WASHINGTON -- As the White House pressed for a deal in which separation of families would stop as part of a comprehensive immigration bill that includes President Trump's desired border wall funding, Sen. Ted Cruz (R-Texas) announced he would introduce emergency legislation to stop the controversial deterrence and enforcement policy.
Cruz's forthcoming bill, which he promised to introduce this week, isn't expected to come with riders sought by the administration or conservative colleagues such as limiting family reunification, stopping the diversity visa lottery, or limiting legal immigration.
The senator's office did say, though, that the Protect Kids and Parents Act would mandate quickie asylum claim investigations and processing, meaning those claiming asylum found not to qualify would be adjudicated and shuttled back to their home countries within two weeks. This comes as the administration narrowed the window to meet the asylum threshold, announcing recently that women fleeing domestic violence or immigrants fleeing gang violence would not qualify for asylum.

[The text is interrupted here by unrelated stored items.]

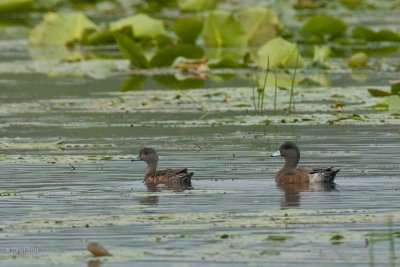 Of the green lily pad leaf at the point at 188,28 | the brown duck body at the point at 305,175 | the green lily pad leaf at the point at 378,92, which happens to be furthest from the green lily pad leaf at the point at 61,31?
the brown duck body at the point at 305,175

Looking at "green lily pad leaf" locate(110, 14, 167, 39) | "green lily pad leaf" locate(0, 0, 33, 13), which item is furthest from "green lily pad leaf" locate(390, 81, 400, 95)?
"green lily pad leaf" locate(0, 0, 33, 13)

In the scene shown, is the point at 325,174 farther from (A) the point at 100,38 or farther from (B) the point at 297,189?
(A) the point at 100,38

Cruz's bill would double the number of federal immigration judges, authorize temporary family shelters, and mandate undocumented families be kept together "absent aggravated criminal conduct or threat of harm to the children."
"The answer is not what congressional Democrats are proposing: simply releasing illegal aliens and returning to the failed policy of ‘catch and release.’ Rather, we should fix the backlog in immigration cases, remove the legal barriers to swift processing, and resolve asylum cases on an expedited basis," Cruz said in a statement Monday.
“While these cases are pending, families should stay together. Children belong with their mothers and fathers. Once their cases have been adjudicated – under my legislation, in no longer than 14 days – those who meet the legal standard should be granted asylum and those who don’t should be immediately returned to their home country."
Rep. Beto O'Rourke (D-Texas), who is challenging Cruz for his Senate seat, led a march Sunday on a tent city housing detained children. He told Texas Monthly that a bill will be coming from House Democrats to end family separation.
"Everyone is trying to bring Republican colleagues who’ve expressed some amount of shock or dismay at family separation into this effort. Ultimately, it’s going to take both sides to get this passed and force a decision from the administration. That’s the preferable route," O'Rourke said. "The other thing is the administration and their abettors in Congress are proposing to resolve the DREAMer [DACA] deportation crisis by guaranteeing temporary reprieve from deportation for DREAMers in exchange for changing our asylum laws and, maybe in one version of it, ending family separation."
O'Rourke acknowledged it's "going to be tough" but said he hoped public outcry would "galvanize the public conscience and force our colleagues to do the right thing."